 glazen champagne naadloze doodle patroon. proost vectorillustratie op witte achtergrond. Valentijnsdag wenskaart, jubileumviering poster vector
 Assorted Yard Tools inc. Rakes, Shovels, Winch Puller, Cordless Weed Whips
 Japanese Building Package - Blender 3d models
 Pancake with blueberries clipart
...
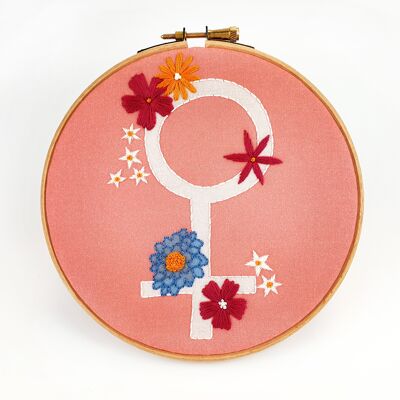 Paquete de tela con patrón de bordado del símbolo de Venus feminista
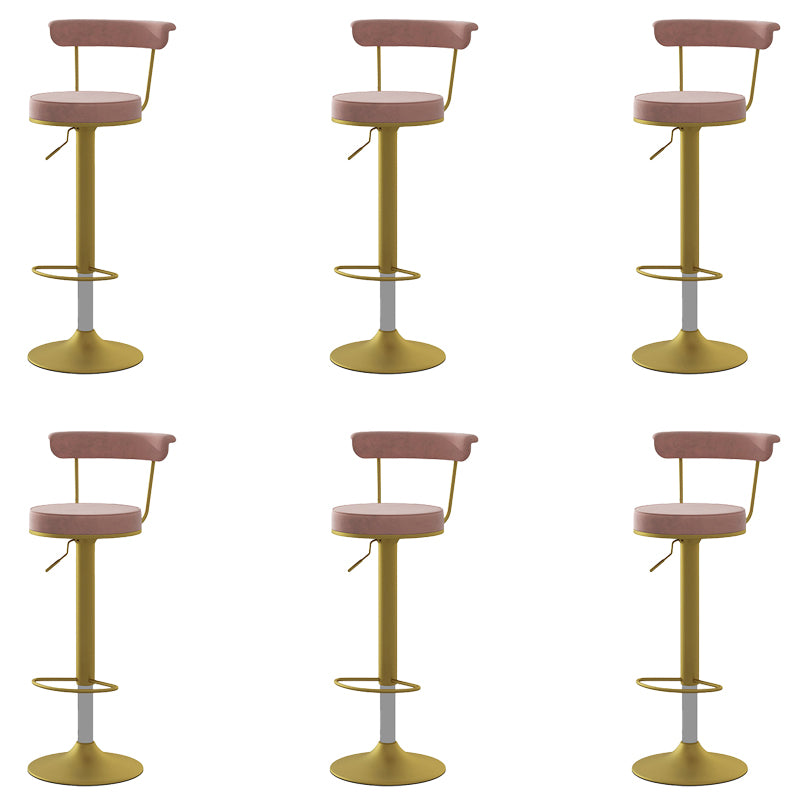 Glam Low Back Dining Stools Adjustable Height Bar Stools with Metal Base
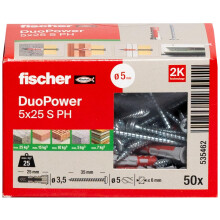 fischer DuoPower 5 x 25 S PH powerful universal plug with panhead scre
==
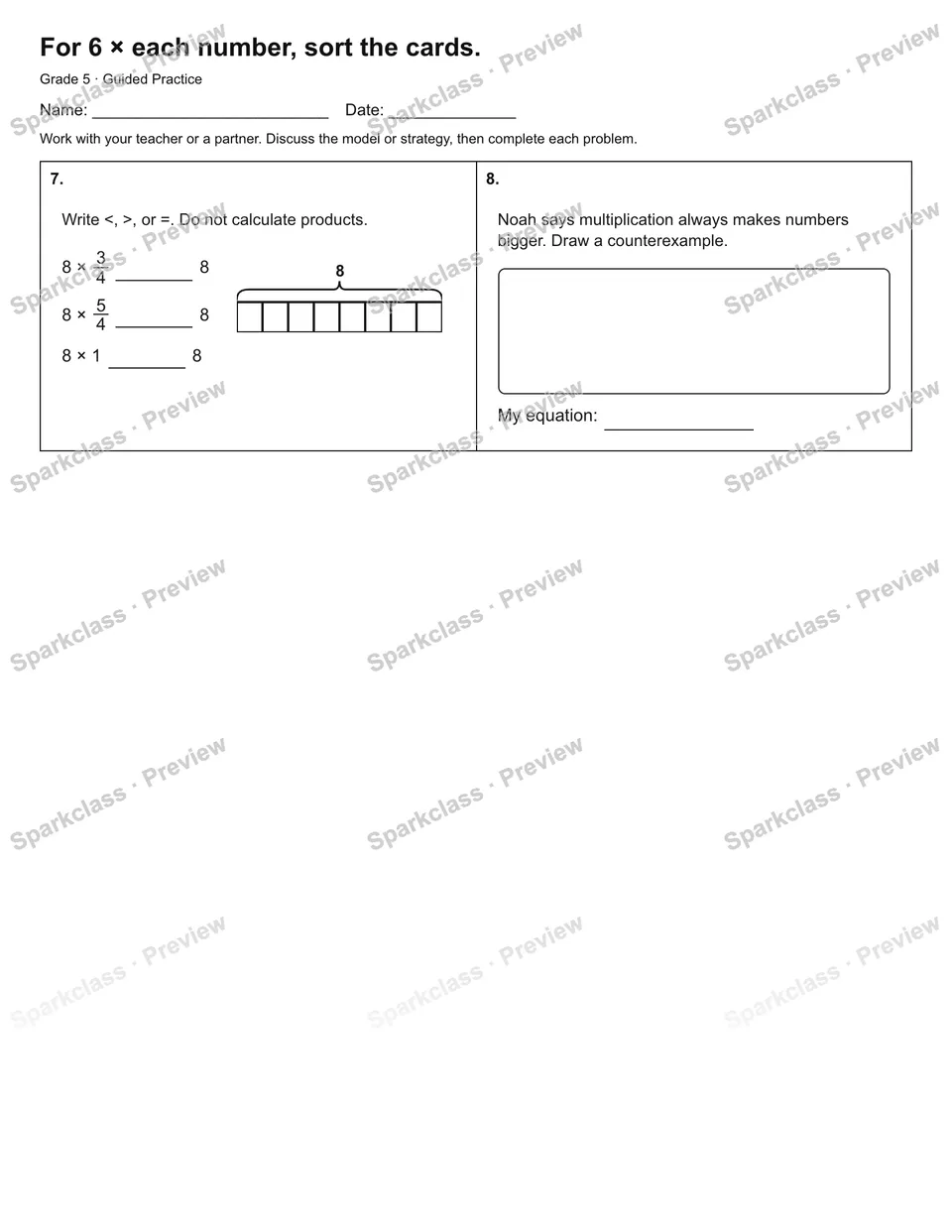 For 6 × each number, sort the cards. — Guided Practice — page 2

__Action item__. Every line from the line containing "Assorted Yard Tools" through the line containing "Pancake with blueberries clipart" in the records above must be retyped exactly. Leave out the rest.

__Response__.
 Assorted Yard Tools inc. Rakes, Shovels, Winch Puller, Cordless Weed Whips
 Japanese Building Package - Blender 3d models
 Pancake with blueberries clipart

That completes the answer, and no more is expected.